If we had reals we would subtract the first row $\times \frac{8}{5}$ from the second to eliminate the first variable. Modulo $11$ we note that $5^{-1} = 9$ because $5\times 9 = 45 \equiv 1 \pmod{11}$. So we multiply the first equation (both left and right hand side) with $8 \times 5^{-1} = 8 \times 9 = 72 \equiv 6 \pmod{11}$, which gives
$$\left[
\begin{array}{ccc|cc} 30 & 24 & 6 &6 & 48\end{array}\right]$$ which is mod $11$ equivalent to
$$\left[
\begin{array}{ccc|cc} 8 & 2 & 6 &6 & 4
\end{array}
\right]$$
We substract this from the second equation an get a new equation:
$$\left[
\begin{array}{ccc|cc} 0 & 8 & -5 &2 & 1\end{array}\right]$$
which mod $11$ is
$$\left[
\begin{array}{ccc|cc} 0 & 8 & 6 &2 & 1\end{array}\right]$$
Also we want to eliminate the first variable from the third equation.
So we substract $\frac{7}{5} =7 \cdot 5^{-1}= 63 \equiv 8 \pmod{1}$ times the first equation (the original one) from the third.
First compute $8$ times the first:
$$\left[
\begin{array}{ccc|cc}
40 & 32 & 8 & 8 & 64
\end{array}
\right]
$$
which modulo $11$ becomes
$$\left[
\begin{array}{ccc|cc}
7 & 10 & 8 & 8 & 9
\end{array}
\right]
$$
So we get a new third equation:
$$\left[
\begin{array}{ccc|cc}
0 & -9 & -7 & 0 & -2
\end{array}
\right]
$$
or
$$\left[
\begin{array}{ccc|cc}
0 & 2 & 4 & 0 & 9
\end{array}
\right]
$$
So in total we get the equations after elimination step 1:
$$\left[
\begin{array}{ccc|cc}
5 & 4 & 1 & 1 & 8\\
0 & 8 & 6 & 2 & 1\\
0 & 2 & 4 & 0 & 9
\end{array}
\right]
$$
The next phase: eliminate the second variable from eq. 2 and 3.
To this end we do "$\text{eq. } 3 - \frac{2}{8} \text{eq. } 2$"
and we note that $8^{-1} \pmod{11} = 7$ so $\frac{2}{8}$ is $14 \equiv 3$.
$3$ times the new eq. 2 becomes:
$$\left[
\begin{array}{ccc|cc}
0 & 24 & 18 & 6 3
\end{array}
\right]
$$
which is the same (mod $11$) as
$$\left[
\begin{array}{ccc|cc}
0 & 2 & 7 & 6 & 3
\end{array}
\right]
$$
So new eq.3 becomes:
$$\left[
\begin{array}{ccc|cc}
0 & 0 & -3 & -6 &6
\end{array}
\right]
$$
Now we can back-substitute the two equation systems (recall the first column was for the system in terms of $a,b,p$): $-3p = -6$, so $p=2$.
Then $8b + 6p = 2$ from the updated second equation.
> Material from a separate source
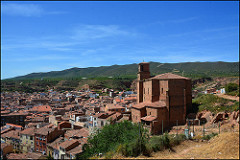 Arnedo. La Rioja.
So $8b + 12 = 2 \rightarrow 8b = -10 = 1$, so $b = 8^{-1} \equiv 7 \pmod{11}$.
Finally $5a + 4b + p = 1 \rightarrow 5a + 28 + 2 = 1 \rightarrow 5a = 4 \pmod{11}$, which gives $a=3$ from $5^{-1} = 9$ again.
The same can now be done for $-3q = 6$, so $q = -2 = 9$.
Then $8d + 6q = 1 \rightarrow 8d + 54 = 1 \rightarrow 8d = 2 \pmod{11}$ hence $d = 2 \cdot 7 \equiv 14 \equiv 3$.
Finally $5c + 4d + q = 7 \rightarrow 5c + 12 + 9 = 7 \rightarrow 5c = 8$ so that $c = 4$.
So the cipher was given by $$\begin{bmatrix} c_1 \\ c_2\end{bmatrix} = \begin{bmatrix} 3 & 7 \\ 4 & 3\\ \end{bmatrix}\begin{bmatrix} p_1 \\ p_2\end{bmatrix} + \begin{bmatrix} 2 \\ 9\end{bmatrix}$$